La rivière du Tech près de Perpignan, en août 2012 [Raymond Roig / AFP/Archives] La rivière du Tech près de Perpignan, en août 2012 [Raymond Roig / AFP/Archives]

Forte pollution aux pesticides, avec 40% des cours d'eau et 20% des nappes phréatiques touchés, et la moitié des rivières malmenées, notamment par un trop grand nombre de digues: tel est le bilan 2011 dressé mercredi par l'Agence de l'eau du bassin Rhône-Méditerranée.

"L'ennemi N.1 de la qualité des eaux, ce sont les pesticides et nos relevés montrent que leur utilisation stagne", a affirmé Martin Guespereau, le directeur général de l'Agence, lors de la présentation du rapport 2011.
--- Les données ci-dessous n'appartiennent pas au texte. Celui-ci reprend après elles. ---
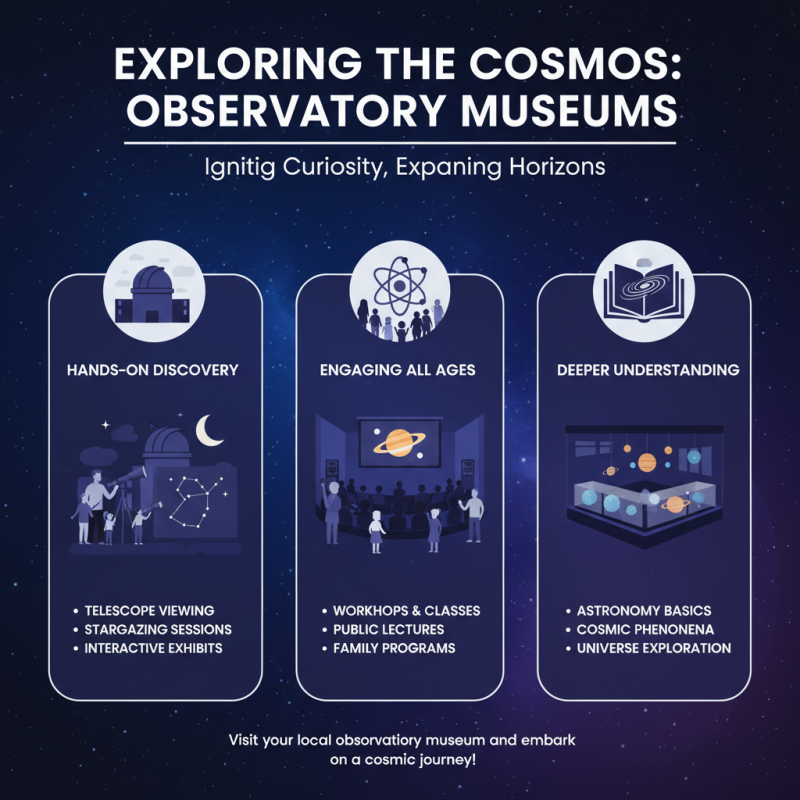 What is an Observatory Museum and its Significance?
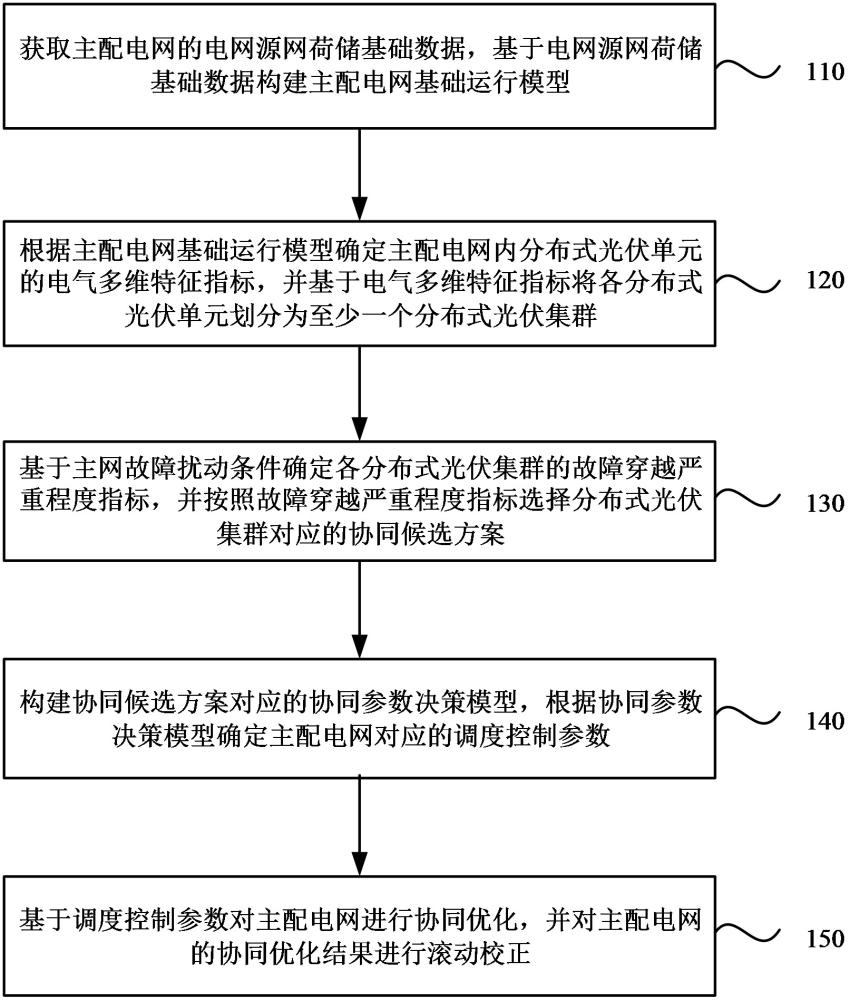 一种主配电网协同优化方法、装置、电子设备和存储介质与流程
Et ce malgré le Grenelle de l'Environnement qui a éliminé 53 molécules jugées trop toxiques ou trop persistantes, rappelle le dirigeant.

L'utilisation de pesticides a même augmenté en 2011 de 2,5% au plan national.

"Environ 40% des rivières sont imbibées de pesticides, essentiellement des herbicides, dont on voit bien que leur durée de vie excède largement celle passée dans les champs", a poursuivi M. Guespereau.

"Le premier d'entre eux est le glyphosate, commercialisé sous le nom de Roundup, et on ne constate pas d'évolution à la baisse de ce polluant", a-t-il regretté.

Quelque 4.000 tonnes de ce pesticide sont commercialisées annuellement dans les bassins Rhône-Méditerranée et Corse.

Dans les pesticides retrouvés, certains sont interdits, justement parce que trop persistants. Mais à quelques endroits, "une utilisation actuelle de ces pesticides interdits n'est pas exclue car les concentrations de la molécule mère ne baissent pas", relève le responsable.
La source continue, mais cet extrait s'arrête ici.